DOI link for Difﬁcult individuals
Difﬁcult individuals book
The previous chapter has discussed several different dimensions of agency, and gave particular attention to daily life and routines. The details of such basic activities as eating, sleeping, resting, moving and working could constitute what has been called, with reference to life beside the Amazon, ‘another type of identity’ (Harris 2000, 7). This is the relational and lived side of identity, based in ‘what people do in their daily life, their relationships with each other and the environment in which they live’, a set of ‘elemental interactions and associations’ (Harris 2000, 7).

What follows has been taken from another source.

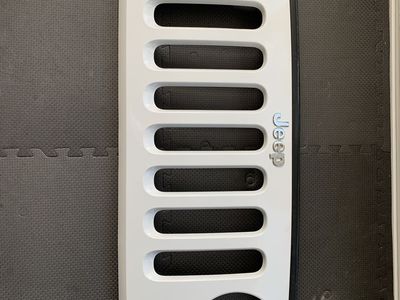 White Jeep grille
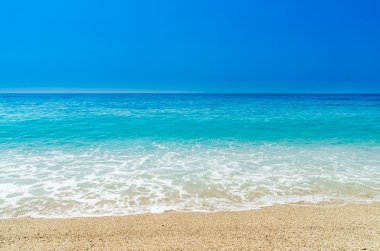 Plaj, sadece kum ve kristal berraklığında su. Agios Ioannis Köyü Lefkada Adası, Yunanistan çevre Milos beach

I will argue at the end of this book that these daily routines were a source not only of considerable diversity in any one horizon but also a major factor in the slow rate of fundamental long-term change. Their importance, though till now relatively little considered in the interpretation of prehistory, can hardly be overstated. But are they enough on their own? From another perspective, daily life can be seen as only one of the signiﬁcant dimensions of life to be considered. Reﬂecting on the Foi of Papua New Guinea, James Weiner has noted that there is always the possibility of contradiction or paradox between the meanings of recurrent practices, though it may be dangerous for these oppositions to be visible in everyday social process. Foi men must mask the fact that women are conceptually dangerous to them, in order to engage in normal sexual activity (J.F. Weiner 1988, 16). Weiner has also underlined how ‘the many images of Foi domestic, social and ceremonial activities depicted in myth are no less accurate a rendering of Foi ‘everyday life’ than an observer’s verbal narration of daily activity’ (J.F. Weiner 1988, 16).